Still, if you can shake off their conflicting continence and simply enjoy the visual splendor and invention at hand, Mr. Magorium’s Wonder Emporium will basically win you over. Unlike Barry Levinson’s Toys, which tried to impart a “No War” initiative onto what was, essentially, a veiled star vehicle for the then tolerable Robin Williams, Helm isn’t out to make some grand political or social statement. Instead, he just wants us all to revert to childhood and go with the flight of fancy flow – and in some cases, it’s dead easy. A room full of CGI balls is a wondrous treat, while a similarly styled collection of trains whisks us away on its HO scale scope. The Big Book, a tome that can instantly produce any item imaginable, gets a nice if far too short celebration, and a lone sock monkey seems to carry all the sadness and sentiment the rest of the movie misses.
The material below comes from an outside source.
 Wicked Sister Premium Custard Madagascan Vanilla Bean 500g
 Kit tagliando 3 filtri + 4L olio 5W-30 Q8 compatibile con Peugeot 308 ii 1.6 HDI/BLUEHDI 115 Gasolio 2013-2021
Even better, Mr. Magorium’s Wonder Emporium doesn’t test our sense of schmaltz – at least, not that often. It wanders between sharp and sugary, honest and hokey, and never offers up the kind of cynical, post-modern bill of goods that leaves films like Museum struggling for sustainability. Of course, what’s missing from this and other examples like it is a sense of timelessness. While it may be perfectly feasible for a festive holiday getaway, a chance to park the kiddies while you gird their advancing materialism with more examples of the season’s crass commercialization, it just doesn’t have much staying power. Indeed, when it comes to future viewings, it’s hard to see the wee ones scrambling to stick this into the DVD player over and over again. As a one time experience, Mr. Magorium’s Wonder Emporium is fresh, fun, and deeply flawed. There’s a great story buried inside its uneven tone and lack of creative classicism. It’s good, but not great.